Wednesday, February 13, 2013
Gov. Mary Fallin took a courageous stand against what she correctly labeled “Oklahoma’s No. 1” killer in her State of the State address on Monday: Tobacco. Smoking and other tobacco products account for the death of 6,000 Oklahomans each year and cost Oklahomans billions of dollars in increased health care costs and lost workforce productivity. Reducing smoking in Oklahoma is not just a lifeand-death issue, it’s a quality of life issue and an economic issue.
To help reduce smoking and the exposure to secondhand smoke, the governor is proposing the restoration of local rights to communities, which would now be able to decide for themselves whether to implement stricter tobacco controls in public places like bars and restaurants.
Recent history demonstrates that local tobacco bans make a real difference. As the governor argued in her address, the city of Pueblo, Colo., saw a 30 percent reduction in heart attacks after it enacted a tobacco ban in bars and taverns. As Smoke Free Oklahoma is quick to point out, studies in Colorado, Indiana, Montana, New York, and several countries overseas have all shown a correlation between stricter local smoking ordinances and better health outcomes.

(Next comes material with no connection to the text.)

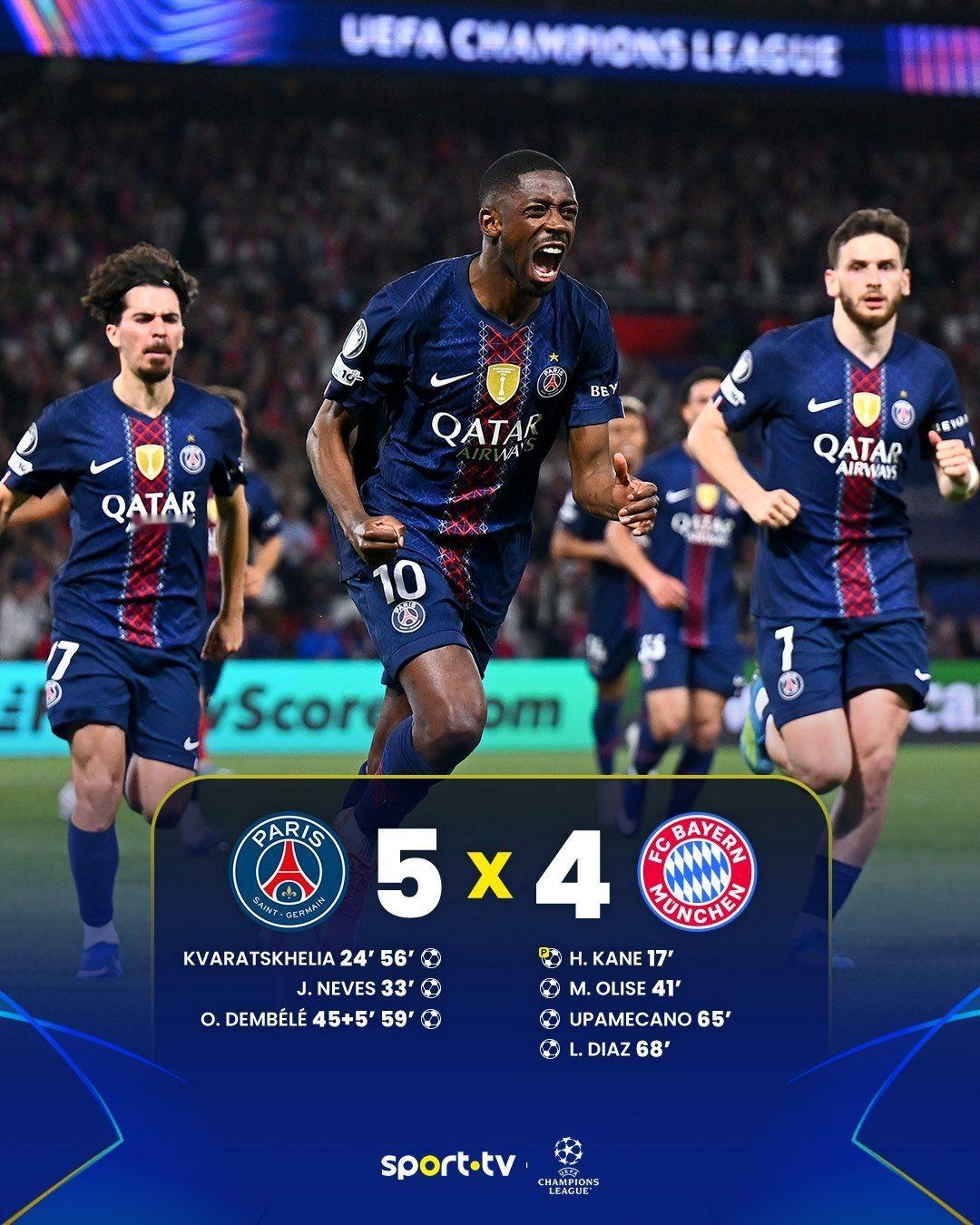 巴黎圣日耳曼5比4拜仁罗蜜k77还整了一个双响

The tobacco lobby may not like the idea of local control, but most everyone else does. The medical and health care industry immediately embraced Gov. Fallin’s proposal, filling inboxes across the state with press releases in support. Polling data on the issue also shows a strong majority of Oklahomans support local control of smoking regulations, as do almost 70 percent of restaurant owners, the only constituency besides smokers that one might suspect to be the natural opposition.
Furthermore, at least 10 city councils have already passed resolutions asking the Legislature to adopt local control measures. We encourage the Lawton City Council to do the same.
Gov. Fallin’s proposal is a bold one, and it deserves the enthusiastic support of our legislators. Even those lawmakers who are not inclined to take on tobacco should be able to support the restoration of local rights. After all, a vote for the governor’s proposal is not a vote to ban smoking from bars, it’s a vote to put this decision back in the hands of city councils across the state.
The best government is one that governs closest to the people, and we urge our legislators to allow Lawton — not the powers that be in Oklahoma City — to chart its own course when it comes to smoking.